Work request:
Give all of the listing again word for word, with images excluded.

Data below:
========
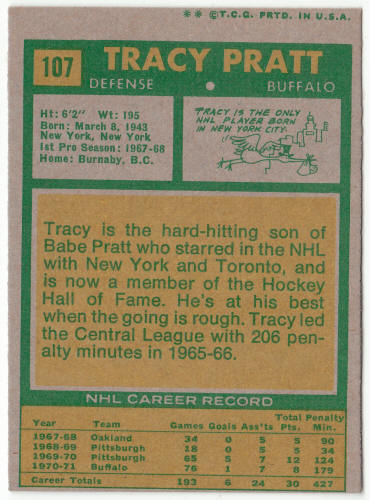1971-72 Topps Hockey #107 Tracy Pratt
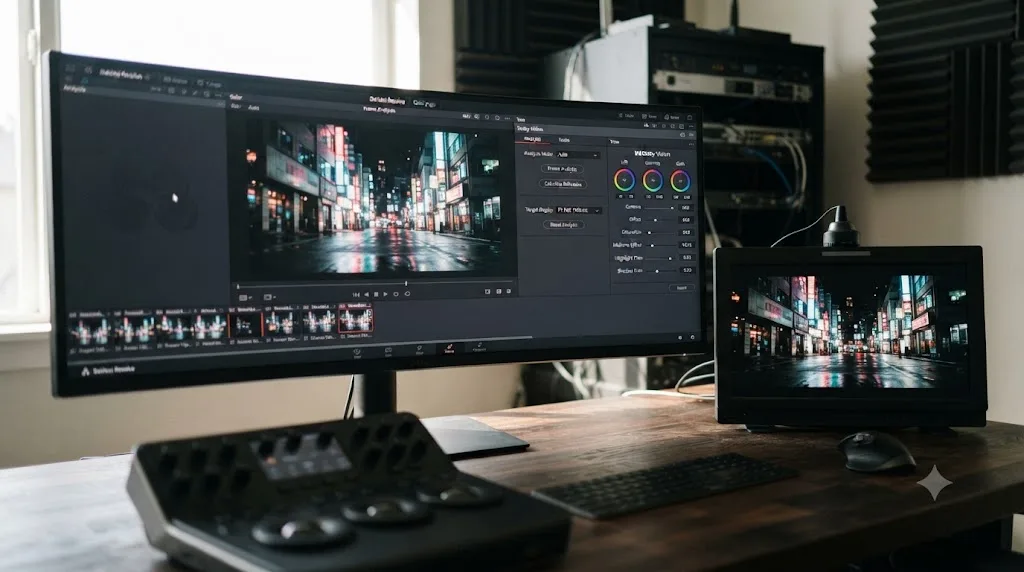 Illustration of a DaVinci Resolve Color page timeline with a Dolby Vision panel open beside a mastering monitor showing an HDR waveform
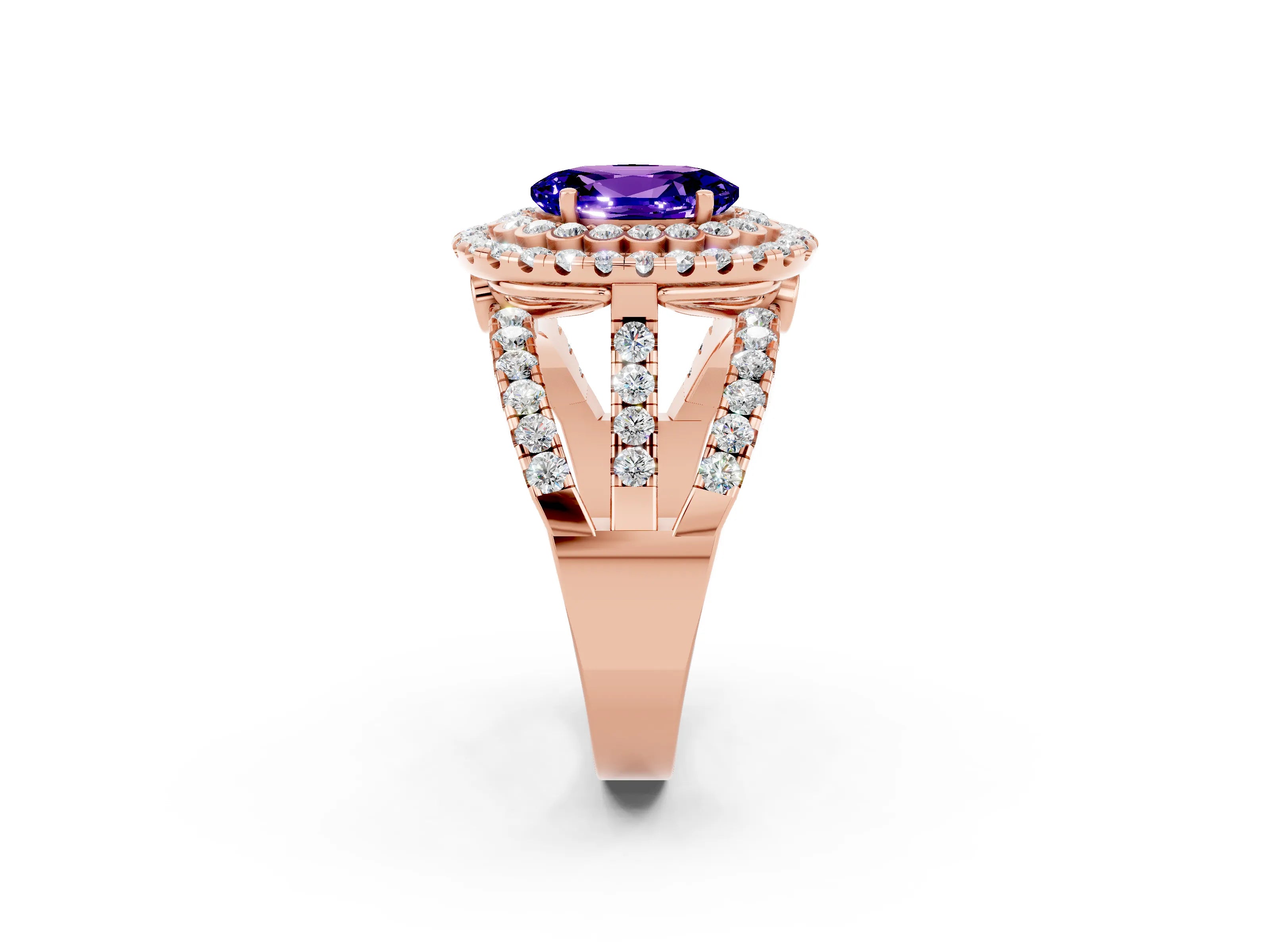Rose gold Double Halo Oval Cut Diamond Split Shank Pave Set Ring_2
========
Response:
1971-72 Topps Hockey #107 Tracy Pratt
 Illustration of a DaVinci Resolve Color page timeline with a Dolby Vision panel open beside a mastering monitor showing an HDR waveform
Rose gold Double Halo Oval Cut Diamond Split Shank Pave Set Ring_2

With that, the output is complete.